When the Nationals traded Soto (and included Bell in the deal) they didn’t need to care what came next because they had literally traded all of their good players. That would not be the case this time, without Gore where is the potential path to success for that offensive core? At the level the Nationals owners want to spend they need to be building a good team around that core while they are still cheap. Another 2-3 year wait for a pitching staff to be built will put all of these players in arbitration contracts getting steadily more expensive.

Speaking of contracts, one of the main reasons for the Soto trade was that he turned down their 15 year, $440 million contract extension offer. The Lerners had decided that was the most they were going to offer, Soto knew that was nowhere close to what he would get as a free agent. Time has proven Soto correct as the New York Mets ended up giving him Bryce Harper’s contract on top of that $440 million to sign him this offseason.

While MacKenzie Gore is a fine pitcher, his next contract is going to be nowhere close to these numbers. Last offseason, Max Fried (equivalently talented, two years older) signed an 8 year, $218 million contract with the Yankees. The Nats have already signed a pitcher for more than that when they signed Strasburg to his 7 year, $245 million deal. This is comparing apples to omakase.
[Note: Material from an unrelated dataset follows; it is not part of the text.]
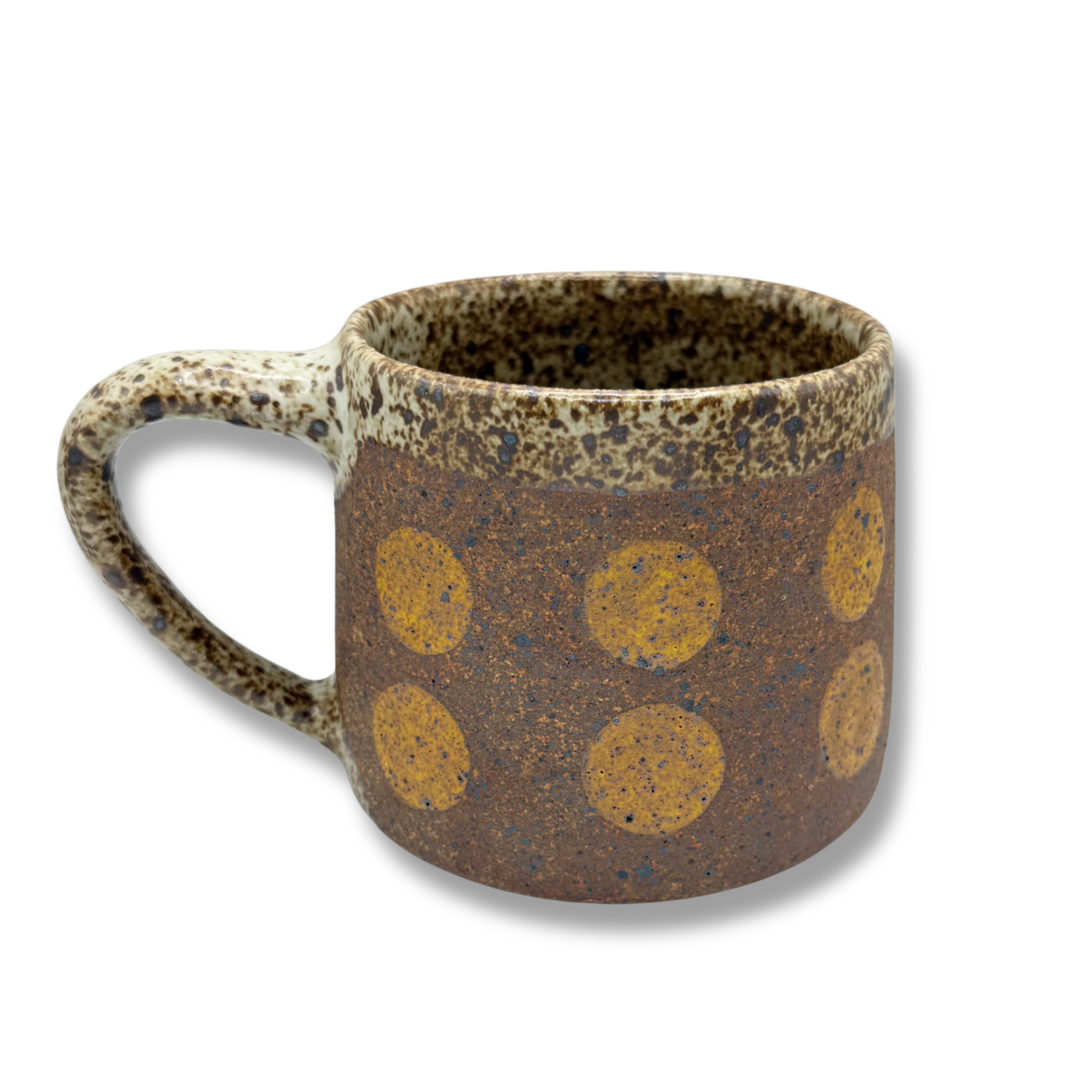 Speckled ceramic mug with yellow circle pattern and curved handle, brown base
The Soto trade, while disappointing, has been a great success for the Nats in bringing back three stars and a top prospect. Based on those results it’s obviously tempting to double down and try to get even more good players out of the trade tree. However, stripping out context and expecting a great return because that’s what happened in the past is literally the gambler’s fallacy. The Nationals are better off sticking with the group they have and going all-in this offseason to build around them.